== Source material ==

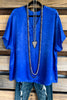 Shine With Passion Oversized Top - Blue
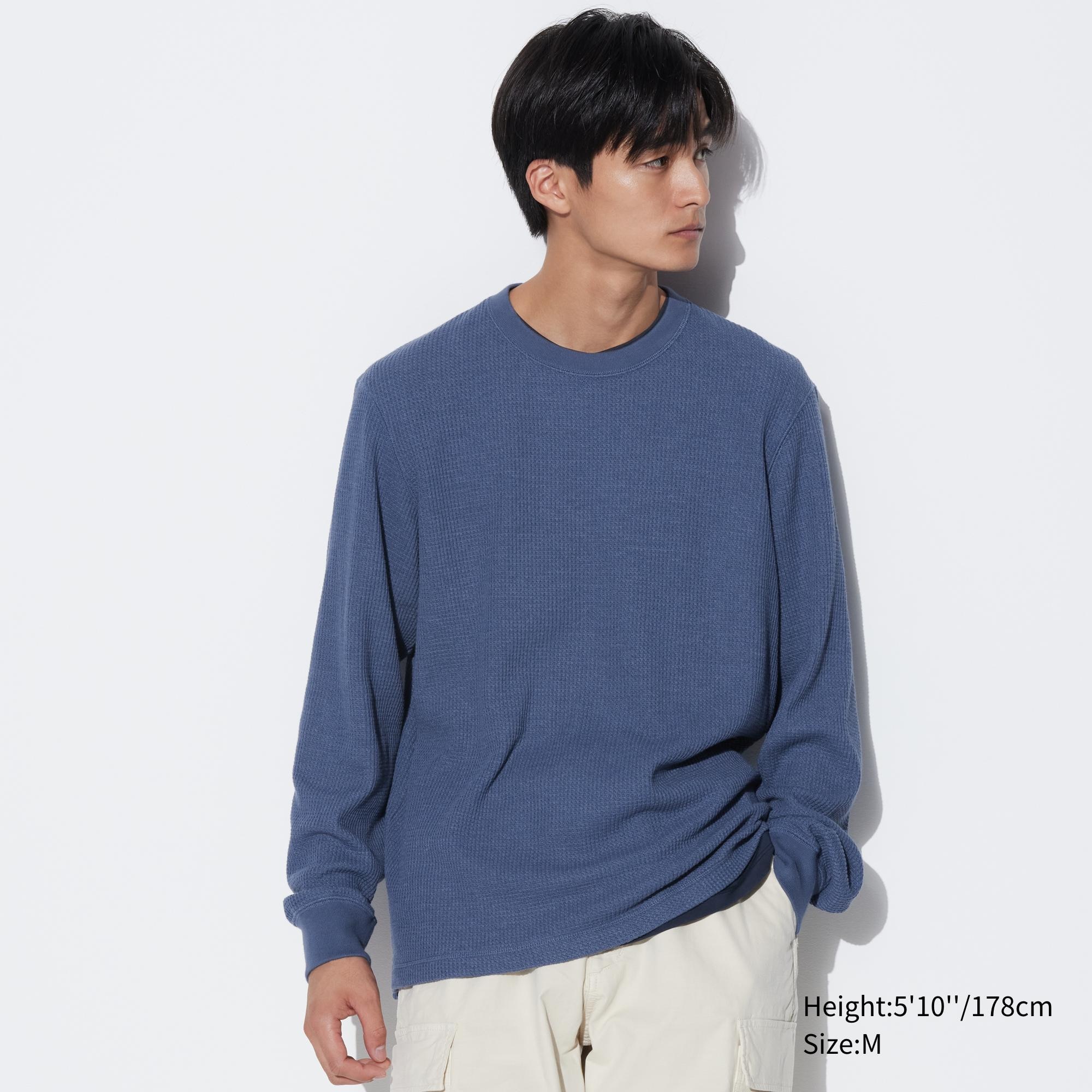 Uniqlo waffle best sale crew neck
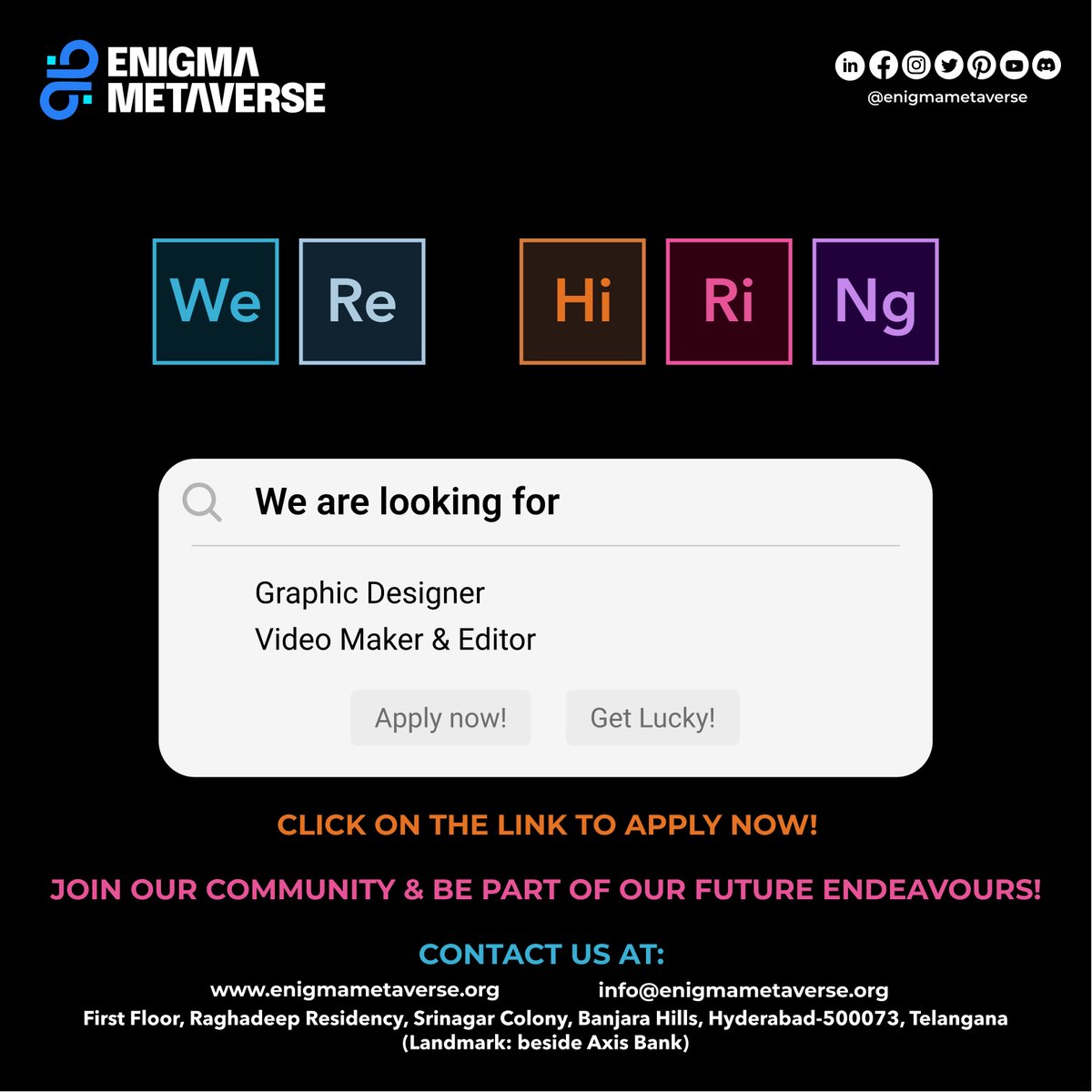 Looking for a #graphicdesign or #videoediting #videomaking job?
WE'RE HIRING!
Apply using link below! 👇👇👇

forms.office.com/r/M7TUZ7uHw8

Join our Enigma Family where we learn and grow together!

#hiring #jobs #jobsearch #recruitment #job #nowhiring #recruiting #career #employment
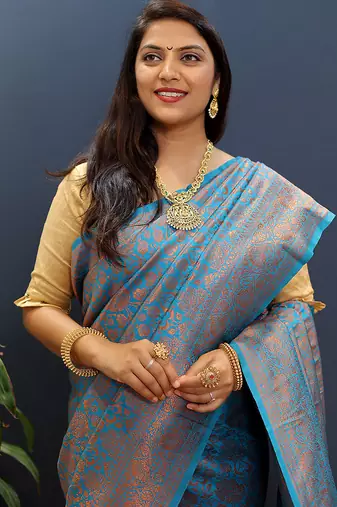 sky blue & gold woven banarasi silk blend saree with rich zari border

== Problem ==
Write out again, word for word, only the lines from the one with "Looking for a" through the last line of the material, and omit each picture.

== Response box ==
 Looking for a #graphicdesign or #videoediting #videomaking job?
WE'RE HIRING!
Apply using link below! 👇👇👇

forms.office.com/r/M7TUZ7uHw8

Join our Enigma Family where we learn and grow together!

#hiring #jobs #jobsearch #recruitment #job #nowhiring #recruiting #career #employment
 sky blue & gold woven banarasi silk blend saree with rich zari border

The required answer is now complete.